Table of Contents
Los Angeles Eviction Moratorium Upheld by Appeals Court
September 30 Update: The California eviction moratorium set to expire, but there are still options.
There’s a Los Angeles eviction moratorium, and it was just found to be legal. Making more headlines, the U.S. Supreme Court ruled that the federal CDC eviction moratorium was not legitimate. This dealt a major setback for renters around the country. However, there was a development Wednesday about the Los Angeles eviction moratorium. This has been a topic of a lawsuit by Southern California’s largest landlord association to undo the restriction.
Back in June 2020, the Apartment Association of Greater Los Angeles sued the city of Los Angeles challenging the Los Angeles eviction moratorium, ban on late fees, and interest on unpaid rent, as well as the restriction of annual rent increases. In November, a federal judge at the District Court issued an order that protects renters during the global pandemic, denying the request for an injunction. A month later, the AAGLA appealed.
The Ninth Circuit’s Ruling
This brings us to this August, 2021. Citing the landmark Contracts Clause case of Home Building & Loan Ass’n v. Blaisdell, 290 U.S. 398 (1934), a three-judge panel of the Ninth Circuit Court of Appeals upheld the district court judge’s ruling. This means the renter moratorium can continue. The challenge was specifically whether the Los Angeles eviction moratorium violated the U.S. Constitution’s Contracts Clause. The 9th Circuit ruled that it did not.

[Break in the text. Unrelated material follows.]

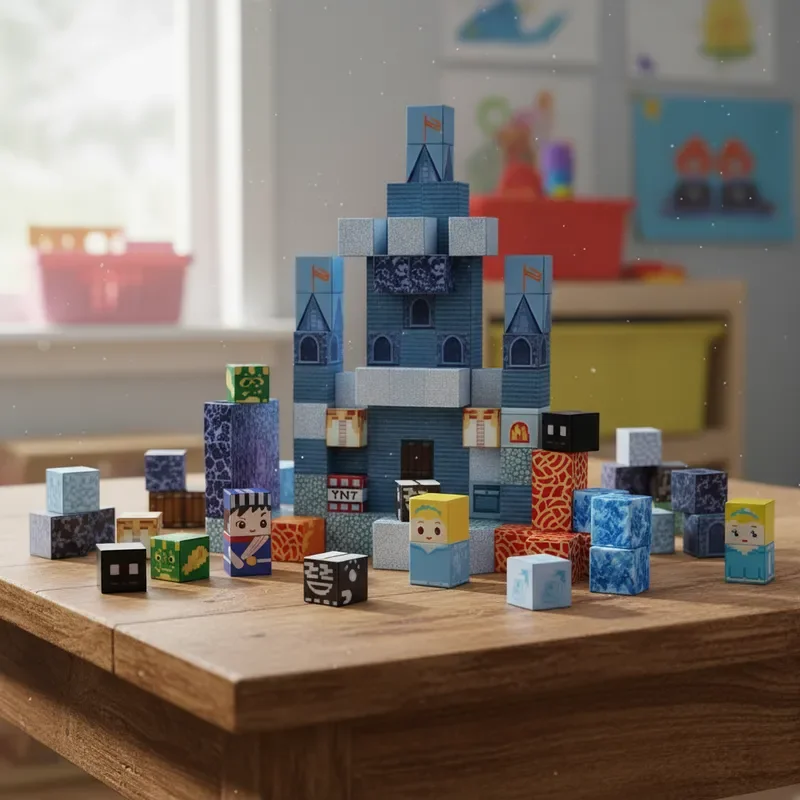 창의적인 DIY 자석 블록 100개 무료 조립 블루 캐슬 3D 장식 어린이 STEM 장난감 휴일 선물 빌딩 세트 고급 상자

What’s interesting is the Ninth Circuit acknowledged the Supreme Court rulings on various challenges to eviction moratoria. However, it limited its review of the Los Angeles renter moratorium to merely interpreting whether the ban violated the Contract’s Clause of Article I, Section 10. Given that very narrow review, the Court of Appeals held that the restriction was “reasonable” and “appropriate.”
The Ninth Circuit opinion by Judge Daniel A. Bress wrote, “Thus, the eviction moratorium must be upheld, even if it is a substantial impairment of contractual relations, if its “adjustment of the rights and responsibilities of contracting parties is based upon reasonable conditions and is of a character appropriate to the public purpose justifying the legislation’s adoption.”
Then, turning to the legislation, the court wrote, “We need not decide whether the eviction moratorium is a substantial impairment of contractual relations because even assuming it is, given the challenges that COVID-19 presents, the moratorium’s provisions constitute an “appropriate and reasonable way to advance a significant and legitimate public purpose.”
Reaction to the Appellate Court’s Opinion
Locally, Public Counsel’s Faizah Malik wrote, ““We cannot deny the importance of housing in service of our public health goals and will continue to fight to help keep Angelenos stably housed and back on their feet with rental assistance.”
Daniel Yukelson, executive director for AAGLA said, “I understand that some of the justices of the Supreme Court are interested in hearing a Contracts Clause case and this one would be the right case for them to hear.”
So, for now, it’s another big setback for the Apartment Association of Greater Los Angeles. The Los Angeles eviction moratorium can continue, protecting the city’s renters.
What about the Supreme Court’s Ruling?
The US Supreme Court (SCOTUS) just ruled that the CDC’s eviction moratorium was illegal. The rationale there was that only Congress can make laws, and because it was made by an executive administration, it was denied. If or when Congress does take up the issue, it will be interesting to see if the Supreme Court rules on the Due Process issue.
Also, given the AAGLA setback, it may appeal the Ninth Circuit decision to the Supreme Court.
Back here in the Ninth Circuit, because the AAGLA didn’t raise any Due Process arguments, the appellate court didn’t rule on them (opinion, fn 1). By the time this argument is raised to the Supreme Court, it’s quite possible the whole thing will be moot, because the pandemic will be over.
Wait, what about the California eviction moratorium?
While the national eviction ban is dead in the water until Congress passes legislation for one, there is still not one ban but two in place locally. The state has a California eviction moratorium, also. This protects all state renters from housing insecurity until September 30, 2021. This deadline has already been extended numerous times, and with the spread of the new Delta variant of COVID-19, it’s likely it will be extended again.
In fact, both the Los Angeles County eviction moratorium and California eviction moratorium are scheduled to expire September 30.
City of Los Angeles Eviction Moratorium
The city of Los Angeles has its own ban. There is a “Local Emergency Period” to which the City of Los Angeles connected its eviction moratorium. Legal challenges aside, even if the state and county restrictions end on Sept 30, 2021 (or after a lapsed subsequent extension), the city moratorium protects tenants from eviction August 1, 2022.
When all this ends, it’s possible that a bankruptcy can help catch up and keep you in your home.